Der Fokus der sehr gut besuchten 1. Fuldaer Public Health Nutrition-Tagung der Fachbereiche Oecotrophologie und Pflege & Gesundheit der Hochschule Fulda am 19. April lag darauf, Lebenswelten nachhaltig und gesundheitsförderlich gestalten und ernährungsabhängigen Erkrankungen vorbeugen zu wollen. Wie muss wirkungsvolle Prävention gestaltet sein, für die ganze Bevölkerung, im Setting, auf individueller Ebene? Welche politischen Maßnahmen dazu sind bereits erfolgt bzw. unbedingt erforderlich? Was kann dieser junge Studiengang dafür tun?
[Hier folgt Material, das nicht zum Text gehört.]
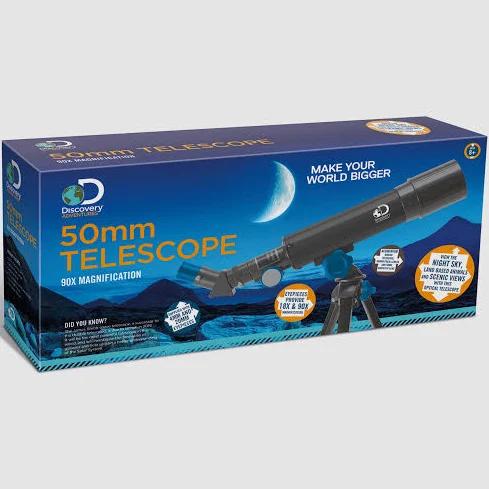 Discovery Adventures - 50mm Astronomical Telescope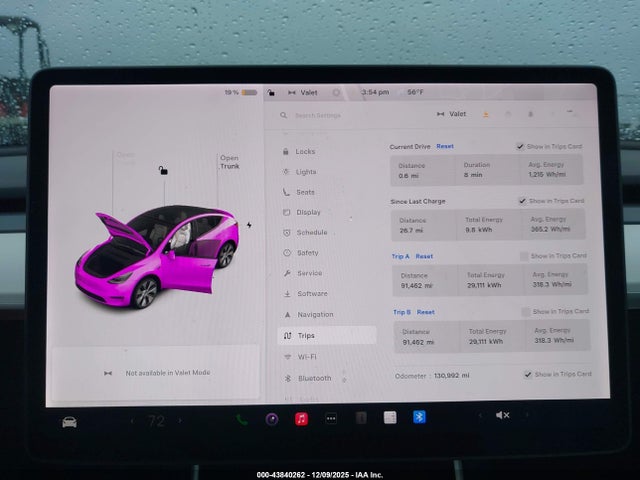 2020 TESLA MODEL Y 5YJYGDEEXLF041588 Photo 6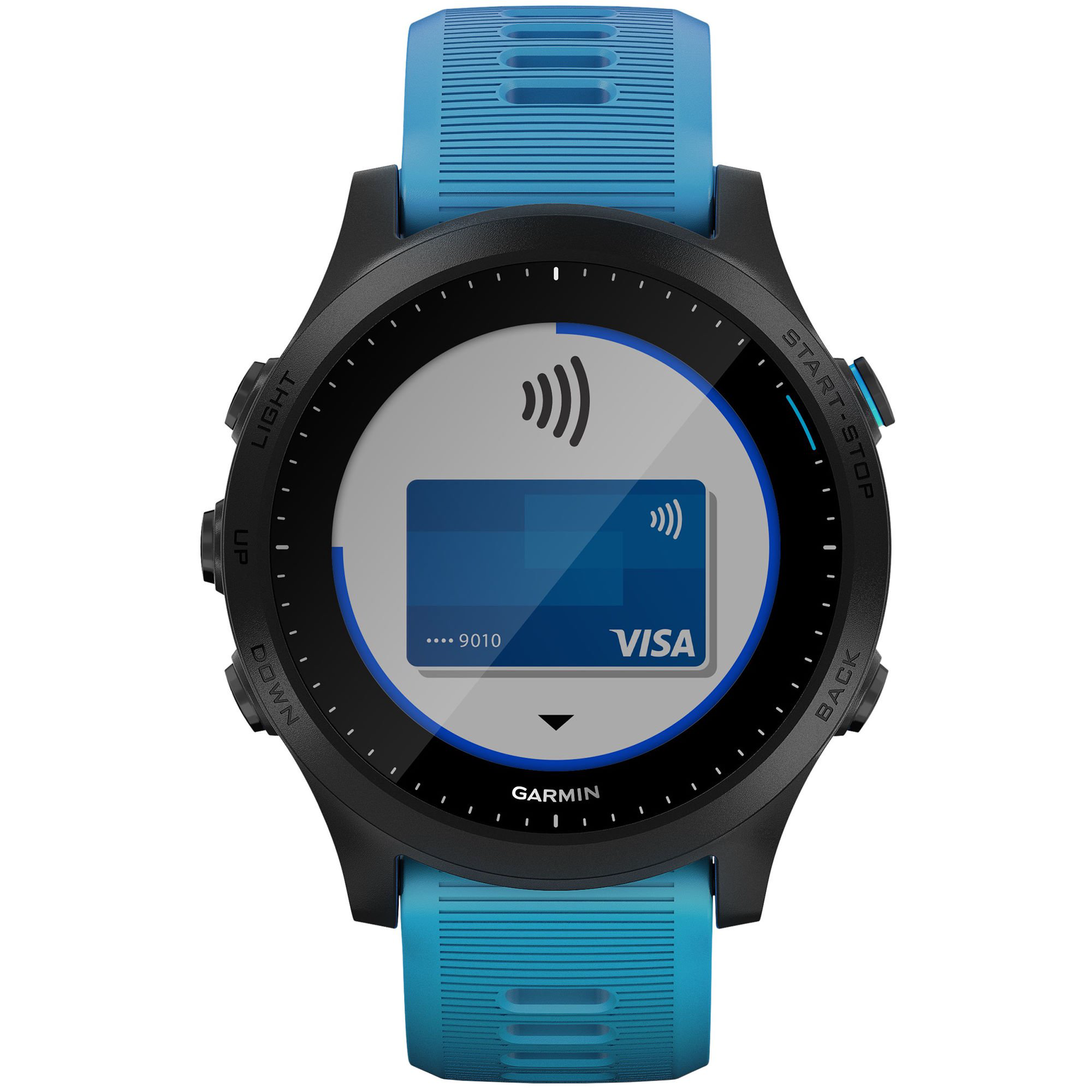 Смарт-часы Garmin Forerunner 945 HRM-Tri Blue купить,NaN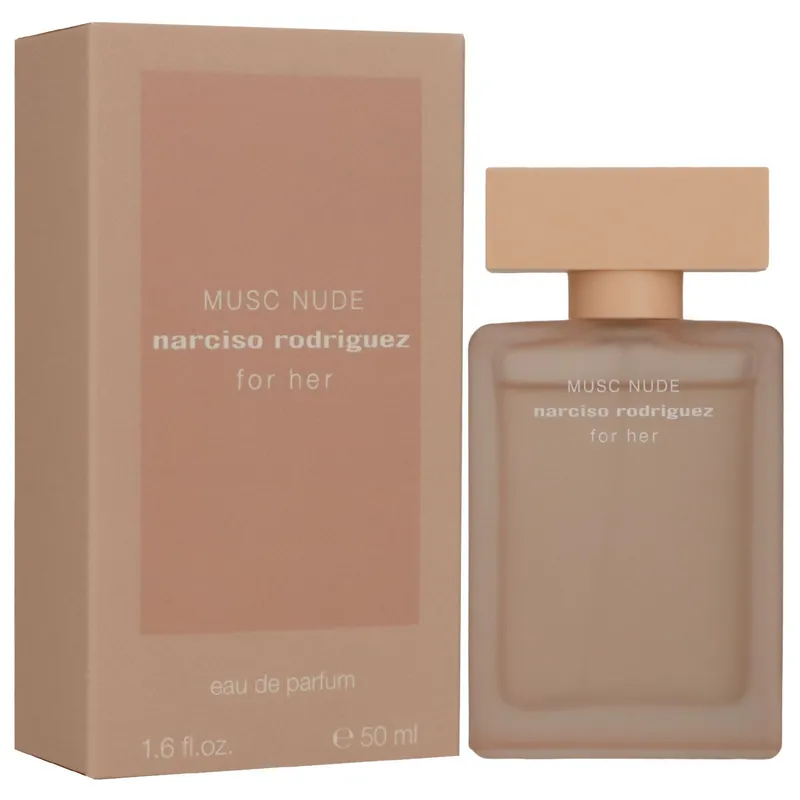 Expressversand Narciso Rodriguez For Her Musc Nude 50 ml Eau de Parfum EDP Damenparfum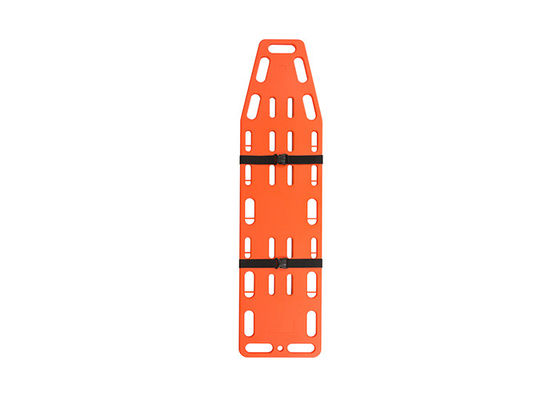 8.5kg PE Immobilization Blackboard stretcher Orange For Hospital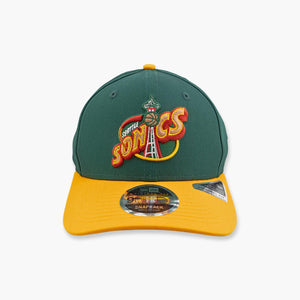 Seattle SuperSonics Evergreen Space Needle Youth Snapback
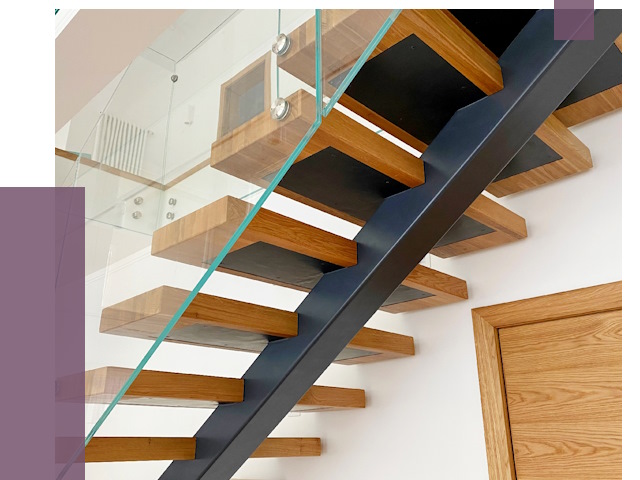 Лестницы на монокосоуре в Ступине от 19229 руб. под ключ | ПРОЛЁТ-Стп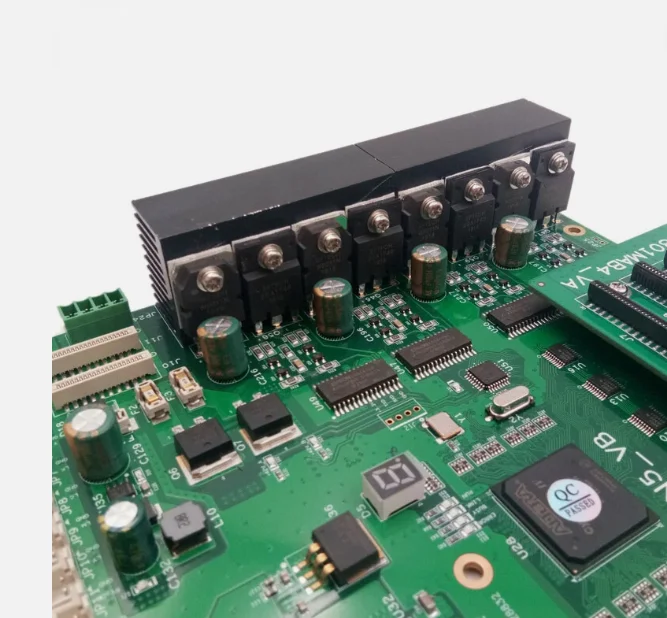 LXQIN طابعة HuiCore رئيس المجلس لإبسون TX800 رأس الطباعة TX800 4 رؤساء لوحة النقل EFHB_V1.0.3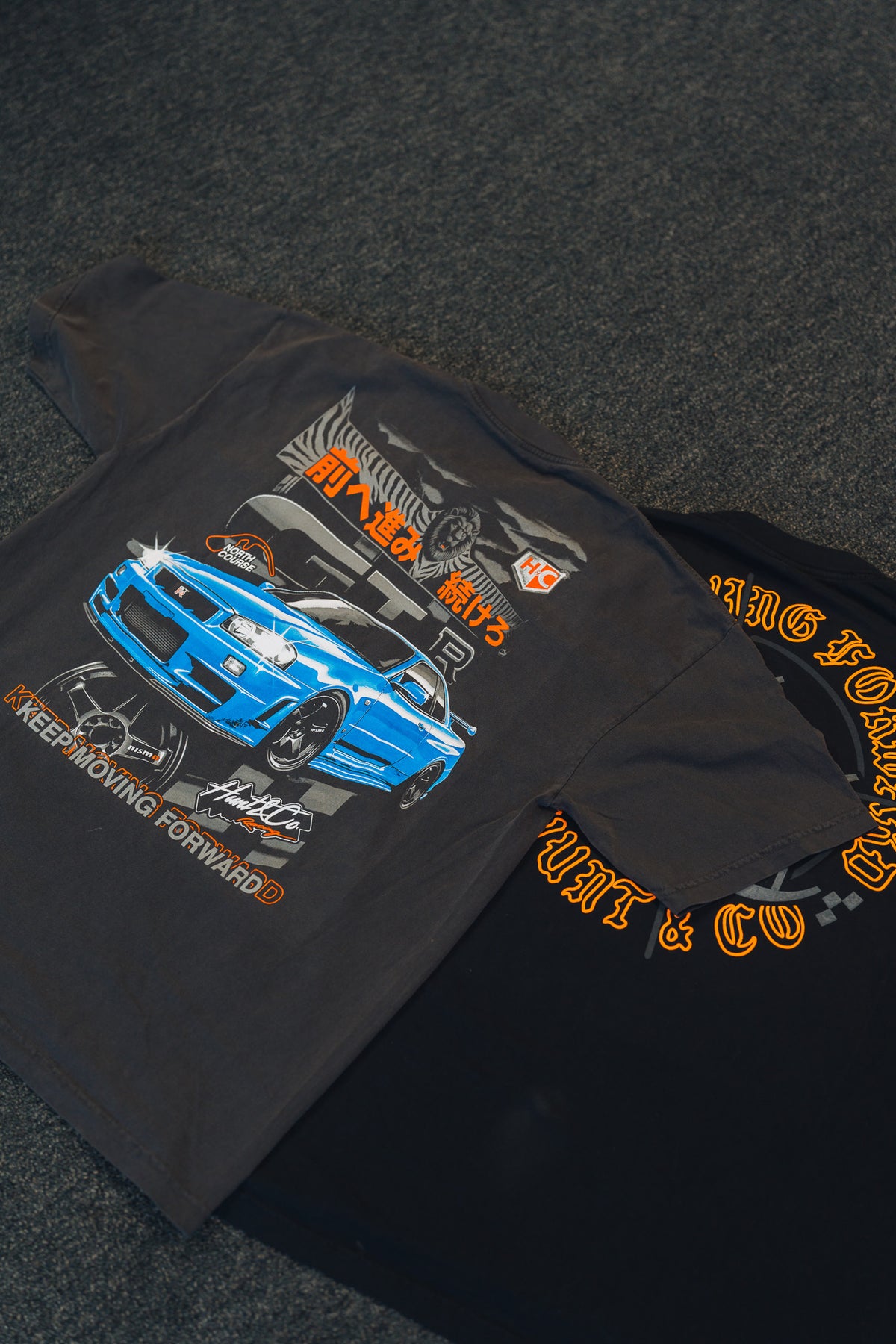 Bayside Blue R34 Hero Tee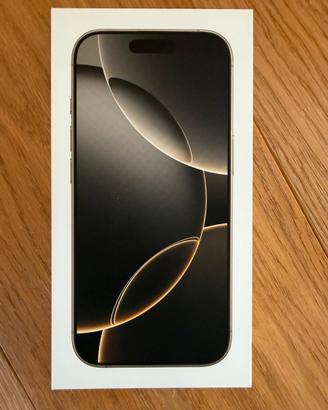 Iphone 16 pro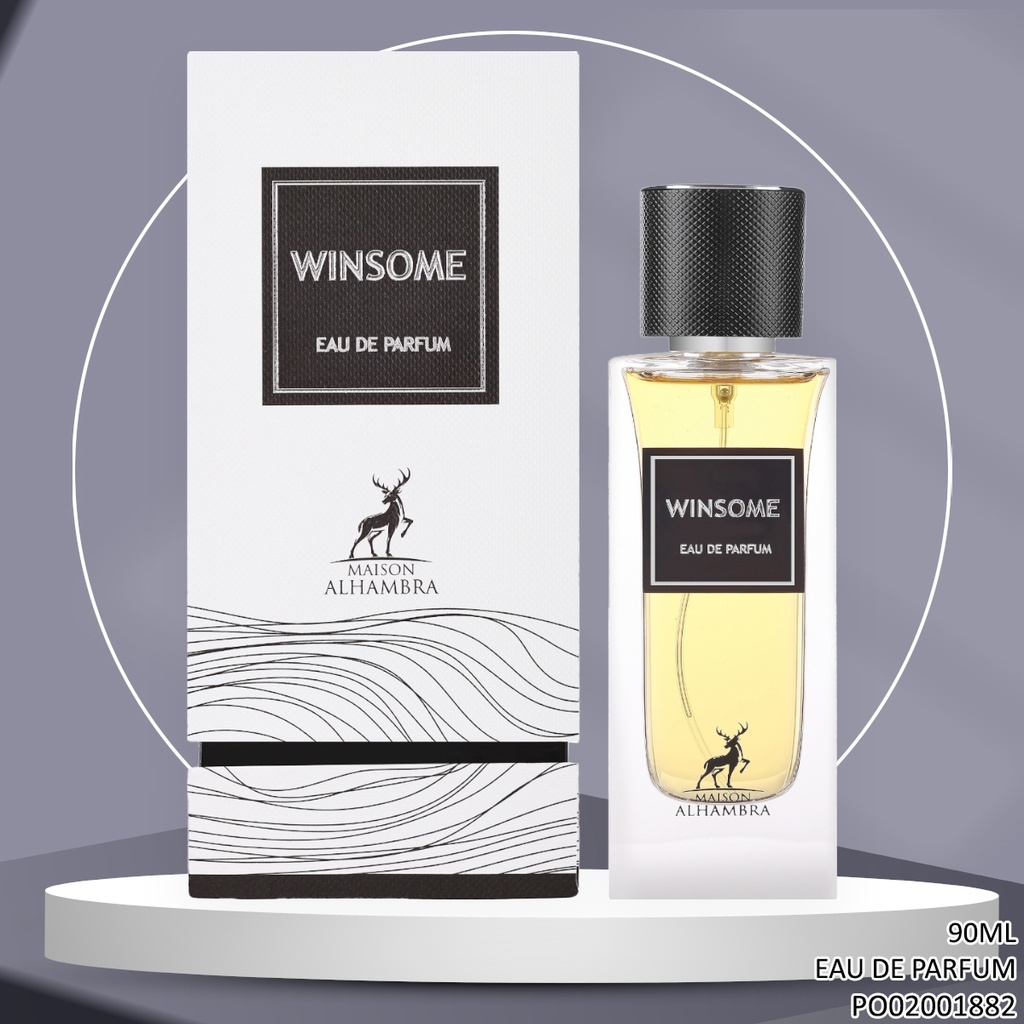 PERFUME WINSOME MAISON ALHAMBRA EDP 90ML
Gesundheitsfördernde Lebenswelten sorgen für mehr Chancengerechtigkeit im Gesundheitswesen
Bewegungsreiche und ernährungsbezogen ausgewogene „gesunde Lebenswelten“ sind nachweislich Faktoren, die zum einen zur Erhöhung der Lebensdauer vor allem aber zu einem längeren Leben in Gesundheit ohne bzw. mit wenigeren chronischen Erkrankungen und behindernden Einschränkungen  wesentlich beitragen. Wir konstatieren den Anstieg der mittleren Lebenserwartung, den Rückgang der Herz-Kreislauf-Mortalität und rückläufige Sterberaten bei bestimmten Krebserkrankungen als unmittelbare Folgen einer zunehmend besseren medizinischen Diagnostik und (Akut-)Therapie. Gegenläufige Entwicklungen sind allerdings die Zunahme allergischer Erkrankungen, Diabetis mellitus und Adipositas - insbesondere bei Kindern und Jugendlichen.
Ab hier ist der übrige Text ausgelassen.